October 13, 2022 by Lewin Day 12 Comments

Hedges aren’t just a pretty garden decoration. They’re also a major habitat for many species of insects, birds, and other wildlife. In some areas, a lot of hedge trimming goes during the time that local birds are raising their fledglings, which causes harm at a crucial time. Thus, [Johann Elias Stoetzer] and fellow students were inspired to create Hedge Watcher.

Birds can easily blend in with their surroundings, but thermal cameras are a great way to spot them.

The concept is simple – using thermal vision to spot birds inside a hedge when they may not otherwise be easily visible. Many species blend in with their surroundings in a visual manner, so thermal imaging is a great way to get around this. It can help to avoid destroying nests or otherwise harming birds when trimming back hedges. The idea was sourced from large-scale agricultural operations, which regularly use thermal cameras mounted on drones to look for wildlife before harvesting a field.

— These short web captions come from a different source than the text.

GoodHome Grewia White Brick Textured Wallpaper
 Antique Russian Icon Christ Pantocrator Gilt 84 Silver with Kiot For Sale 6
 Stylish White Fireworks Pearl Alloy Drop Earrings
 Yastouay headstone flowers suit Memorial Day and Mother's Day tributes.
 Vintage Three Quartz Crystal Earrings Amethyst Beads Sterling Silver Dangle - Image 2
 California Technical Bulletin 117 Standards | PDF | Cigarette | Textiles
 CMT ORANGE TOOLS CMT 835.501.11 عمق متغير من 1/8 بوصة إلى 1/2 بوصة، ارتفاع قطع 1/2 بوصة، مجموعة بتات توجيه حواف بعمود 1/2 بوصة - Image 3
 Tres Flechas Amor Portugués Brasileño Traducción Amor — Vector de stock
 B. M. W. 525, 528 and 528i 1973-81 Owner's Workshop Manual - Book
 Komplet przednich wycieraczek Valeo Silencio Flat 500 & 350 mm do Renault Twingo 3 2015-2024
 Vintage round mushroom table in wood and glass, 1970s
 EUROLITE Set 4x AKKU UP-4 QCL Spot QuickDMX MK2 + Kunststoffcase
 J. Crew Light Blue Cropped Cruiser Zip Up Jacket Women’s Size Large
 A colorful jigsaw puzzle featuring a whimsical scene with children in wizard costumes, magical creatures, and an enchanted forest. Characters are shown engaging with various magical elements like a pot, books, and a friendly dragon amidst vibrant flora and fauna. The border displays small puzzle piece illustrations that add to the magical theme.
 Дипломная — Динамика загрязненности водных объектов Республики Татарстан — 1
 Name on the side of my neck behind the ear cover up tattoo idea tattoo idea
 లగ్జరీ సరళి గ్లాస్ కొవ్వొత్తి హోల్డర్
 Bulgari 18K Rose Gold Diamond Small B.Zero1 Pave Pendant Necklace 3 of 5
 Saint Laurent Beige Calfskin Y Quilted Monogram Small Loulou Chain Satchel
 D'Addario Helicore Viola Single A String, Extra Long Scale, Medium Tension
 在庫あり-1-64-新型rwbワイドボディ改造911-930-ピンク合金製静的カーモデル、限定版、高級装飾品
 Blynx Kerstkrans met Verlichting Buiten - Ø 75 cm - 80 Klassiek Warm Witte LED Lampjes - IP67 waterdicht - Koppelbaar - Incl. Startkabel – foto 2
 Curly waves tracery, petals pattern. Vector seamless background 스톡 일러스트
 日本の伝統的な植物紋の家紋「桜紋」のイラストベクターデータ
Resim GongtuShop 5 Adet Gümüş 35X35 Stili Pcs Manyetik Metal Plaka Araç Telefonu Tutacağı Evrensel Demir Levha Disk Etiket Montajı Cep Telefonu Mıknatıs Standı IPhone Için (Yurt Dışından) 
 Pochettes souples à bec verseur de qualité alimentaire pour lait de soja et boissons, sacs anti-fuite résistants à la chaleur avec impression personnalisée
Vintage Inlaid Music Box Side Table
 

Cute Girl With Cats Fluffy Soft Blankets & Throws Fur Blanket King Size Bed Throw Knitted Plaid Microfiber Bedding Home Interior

However, staring at a thermal camera readout every few seconds while trimming hedges isn’t exactly practical. Instead, the students created an augmented reality (AR) monocular to allow the user to trim hedges at the same time as keeping an eye on the thermal camera feed. Further work involved testing a binocular AR headset, as well as a VR headset. The AR setups proved most useful as they allowed for better situational awareness while working.

It’s a creative solution to protecting the local birdlife, and is to be applauded. There’s plenty of hubris around potential uses for augmented reality, but this is a great example of a real and practical one. And, if you’re keen to experiment with AR yourself, note that it doesn’t have to break the bank either!